Summary OF IMPLEMENTATION STUDY FINDINGS

  • Government's objectives for the National Broadband Network can be implemented within the $43 billion estimate of capital expenditure by deploying fibre to 93 percent, fixed-wireless from the 94th to 97th percentiles and satellite to the final 3 percent of premises.
  • The NBN should be deployed efficiently by setting practical coverage objectives, being willing to make use of existing infrastructure, providing appropriate legislative support and leveraging the capabilities of commercial wireless operators.
  • Retail competition should be improved through mandating NBN Co's wholesale-only, open-access role and by ensuring NBN Co eliminates network bottlenecks and operates at the lowest appropriate layer in the OSI stack.
  • The fibre access network should be expected to become the predominant fixed-line telecommunications infrastructure over time by pricing for affordability and take-up and providing continuity for existing services.
  • Full Government ownership should be maintained until after the roll-out is complete requiring temporary peak funding in the vicinity of $26 billion by year 6-which can be paid down quickly from then with investment-grade debt prior to privatisation. Government should expect to cover its cost of funds under most plausible business case scenarios.

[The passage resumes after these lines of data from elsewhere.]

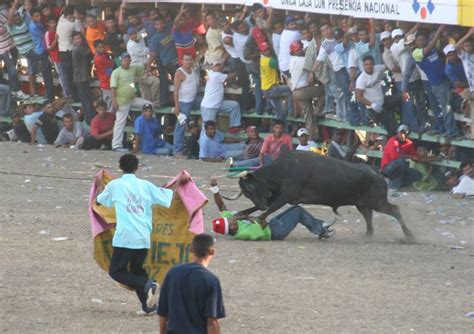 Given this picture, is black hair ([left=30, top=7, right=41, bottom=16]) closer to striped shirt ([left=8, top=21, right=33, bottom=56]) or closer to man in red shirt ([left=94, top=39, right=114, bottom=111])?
striped shirt ([left=8, top=21, right=33, bottom=56])

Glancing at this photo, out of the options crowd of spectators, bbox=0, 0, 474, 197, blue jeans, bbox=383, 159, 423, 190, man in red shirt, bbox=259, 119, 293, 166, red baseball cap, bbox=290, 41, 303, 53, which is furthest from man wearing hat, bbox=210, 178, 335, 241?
red baseball cap, bbox=290, 41, 303, 53

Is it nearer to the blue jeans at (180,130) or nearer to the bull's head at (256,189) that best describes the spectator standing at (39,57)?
the blue jeans at (180,130)

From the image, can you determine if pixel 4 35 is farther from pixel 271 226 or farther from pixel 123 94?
pixel 271 226

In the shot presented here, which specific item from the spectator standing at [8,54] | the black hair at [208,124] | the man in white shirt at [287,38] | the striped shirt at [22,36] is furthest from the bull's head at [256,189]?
the spectator standing at [8,54]

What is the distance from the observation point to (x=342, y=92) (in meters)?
25.1

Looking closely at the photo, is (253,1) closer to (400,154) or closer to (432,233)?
(400,154)

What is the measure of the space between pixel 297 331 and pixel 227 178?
11.8 meters

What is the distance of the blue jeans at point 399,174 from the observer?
2350cm

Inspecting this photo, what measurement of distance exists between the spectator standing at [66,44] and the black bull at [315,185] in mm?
11173

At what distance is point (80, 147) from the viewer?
96.5ft

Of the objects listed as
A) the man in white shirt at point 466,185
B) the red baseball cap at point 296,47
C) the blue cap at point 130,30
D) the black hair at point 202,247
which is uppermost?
the blue cap at point 130,30

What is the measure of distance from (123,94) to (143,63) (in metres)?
0.71

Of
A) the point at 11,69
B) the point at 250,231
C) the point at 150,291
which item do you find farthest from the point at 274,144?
the point at 150,291

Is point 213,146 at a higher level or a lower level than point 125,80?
lower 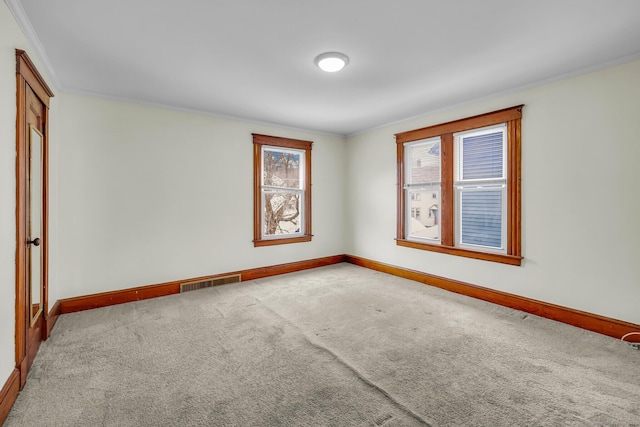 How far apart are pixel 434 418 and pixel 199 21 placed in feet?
9.66

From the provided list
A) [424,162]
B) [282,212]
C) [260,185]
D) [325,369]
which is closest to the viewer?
[325,369]

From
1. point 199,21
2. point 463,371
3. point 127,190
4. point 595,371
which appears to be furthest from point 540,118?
point 127,190

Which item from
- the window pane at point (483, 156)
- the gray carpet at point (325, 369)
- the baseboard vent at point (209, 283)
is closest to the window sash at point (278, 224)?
the baseboard vent at point (209, 283)

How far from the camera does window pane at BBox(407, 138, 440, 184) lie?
4382 millimetres

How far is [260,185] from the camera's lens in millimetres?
4816

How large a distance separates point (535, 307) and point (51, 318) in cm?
492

  • Future competition and innovation potential should be safeguarded by preferring a network design that preserves options for active-layer competition and shifts in technology, and by ensuring a healthy industry structure and appropriate regulatory regime are in place prior to privatisation ...
The Study is provided in PDF, RTF and compressed RTF formats, both as one file for the whole report, and as individual chapters. What is not provided is an easy to read web version of the document. Also there appears to be a fault in the formatting of the RTF version of the document, with the executive summary being 46.8mBytes, compared to 449Kbytes for the PDF version.
  1. Executive Summary (PDF, 449 KB)
  2. Establishing a mandate for NBN Co (PDF, 477 KB)
  3. Establishing a new generation of services (PDF, 344 KB)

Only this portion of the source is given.